Insiden Santa Cruz 1992
Benedict
Anderson dalam Nasionalisme, Asia Tenggara, dan Dunia (2002) mengatakan, lubang
hitam dalam sejarah Indonesia di pulau kecil sebelah utara lepas pantai
Australia itu cenderung ditutup-tutupi, termasuk jumlah penduduk Timor Timur
yang tewas akibat kelaparan, wabah, dan pertempuran 1977-1979. Padahal, menurut
Peter Carey (1995), jumlahnya melebihi
angkakematianpendudukKambojadibawahPolPot. Fakta sejarah ini amat jarang
diberitakan media Indonesia. Kalaupun ada, media yang memberitakan niscaya akan
menemui ajal. Majalah Jakarta-Jakarta, sebagai salah satu media populer,
misalnya, menjadi korban pemberitaan tentang Timor Timur tahun 1992.
Namun, meski
media dimatikan, cerita yang berkisah tentang Insiden Dili, 12 November 1991,
masih terbaca sebagai cerpen. Pelajaran Sejarah (Seno Gumira Ajidarma, Saksi
Mata, Penerbit Bentang, 1994) yang menjadi fiksi dari peristiwa Santa Cruz itu
ditulis oleh wartawan dari media yang terkena “pembredelan” pemerintah saat
itu. Bagi sang wartawan, cerpen atau fiksi merupakan cara lain untuk menyajikan
berita atau fakta sejarah yang sengaja disembunyikan, bahkan dihilangkan. Maka,
sejarah bukan sekadar catatan penyebab kejadian pada masa lalu, tetapi juga
demi menyiapkan akibat selanjutnya pada masa kini.
Insiden Santa
Cruz (juga dikenal sebagai Pembantaian Santa Cruz) adalah penembakan pemrotes
Timor Timur di kuburan Santa Cruz di ibu kota Dili pada 12 November 1991. Para
pemrotes, kebanyakan mahasiswa, mengadakan aksi protes mereka terhadap
pemerintahan Indonesia pada penguburan rekan mereka, Sebastião Gomes, yang
ditembak mati oleh pasukan Indonesia sebulan sebelumnya. Para mahasiswa telah
mengantisipasi kedatangan delegasi parlemen dari Portugal, yang masih diakui
oleh PBB secara legal sebagai penguasa administrasi Timor Timur. Rencana ini
dibatalkan setelah Jakarta keberatan karena hadirnya Jill Joleffe sebagai
anggota delegasi itu. Joleffe adalah seorang wartawan Australia yang dipandang
mendukung gerakan kemerdekaan Fretilin.
Dalam prosesi
pemakaman, para mahasiswa menggelar spanduk untuk penentuan nasib sendiri dan
kemerdekaan, menampilkan gambar pemimpin kemerdekaan Xanana Gusmao.
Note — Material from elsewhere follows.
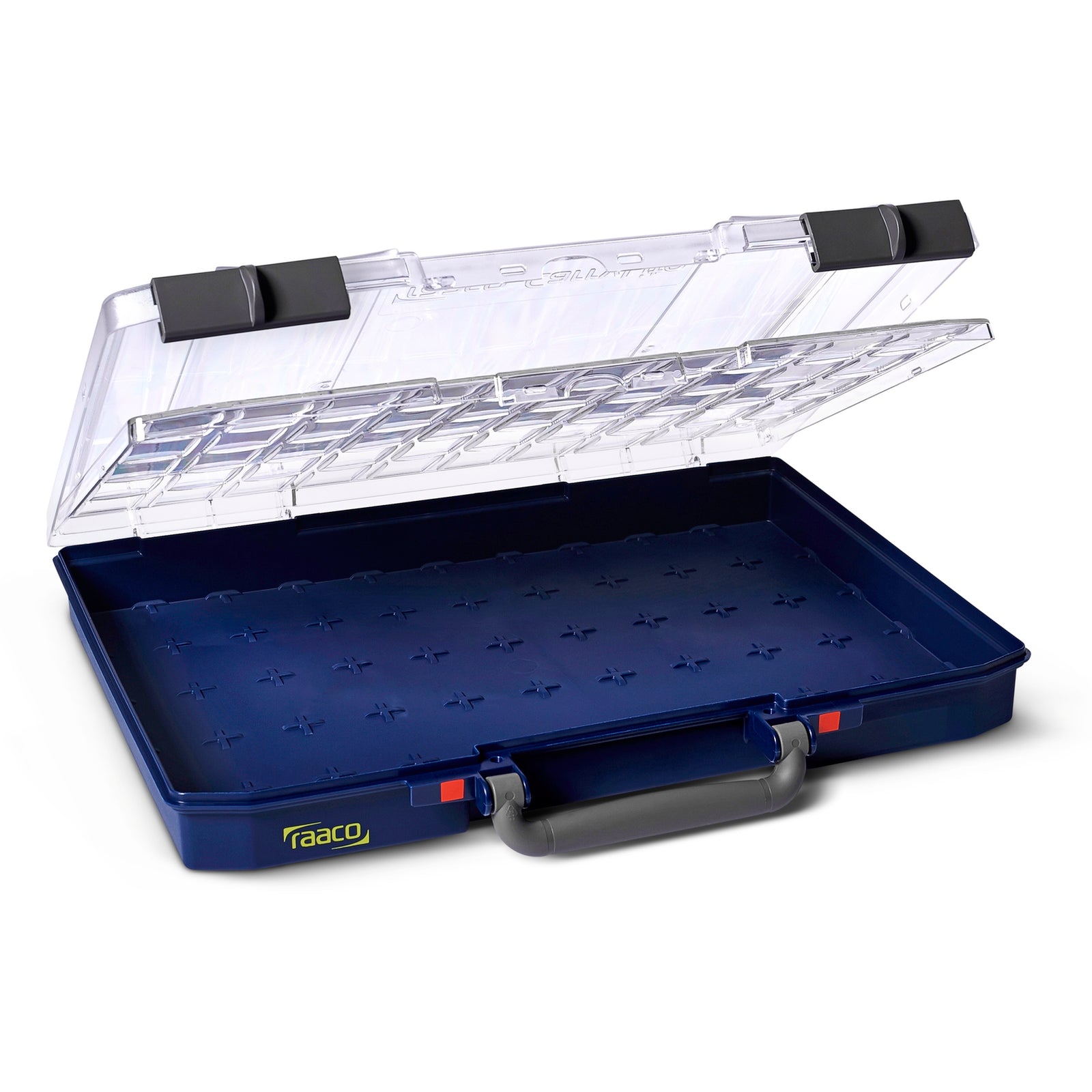 Raaco Assortimentsdoos SafeBox met 2x CarryLite 55-24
Pada saat
prosesi tersebut memasuki kuburan, pasukan Indonesia mulai menembak. Dari
orang-orang yang berdemonstrasi di kuburan, 271 tewas, 382 terluka, dan 250
menghilang. Salah satu yang meninggal adalah seorang warga Selandia Baru, Kamal
Bamadhaj, seorang pelajar ilmu politik dan aktivis HAM berbasis di Australia.
Pembantaian ini
disaksikan oleh dua jurnalis Amerika Serikat; Amy Goodman dan Allan Nairn; dan
terekam dalam pita video oleh Max Stahl, yang diam-diam membuat rekaman untuk
Yorkshire Television di Britania Raya. Para juru kamera berhasil menyelundupkan
pita video tersebut ke Australia. Mereka memberikannya kepada seorang wanita
Belanda untuk menghindari penangkapan dan penyitaan oleh pihak berwenang
Australia, yang telah diinformasikan oleh pihak Indonesia dan melakukan
penggeledahan bugil terhadap para juru kamera itu ketika mereka tiba di Darwin.
Video tersebut digunakan dalam dokumenter First Tuesday berjudul In
Cold Blood: The Massacre of East Timor, ditayangkan di ITV di Britania pada
Januari 1992.
Tayangan
tersebut kemudian disiarkan ke seluruh dunia, hingga sangat mempermalukan
permerintahan Indonesia. Di Portugal dan Australia, yang keduanya memiliki
komunitas Timor Timur yang cukup besar, terjadi protes keras. Banyak rakyat
Portugal yang menyesali keputusan pemerintah mereka yang praktis telah
meninggalkan bekas koloni mereka pada 1975. Mereka terharu oleh siaran yang
melukiskan orang-orang yang berseru-seru dan berdoa dalam bahasa Portugis.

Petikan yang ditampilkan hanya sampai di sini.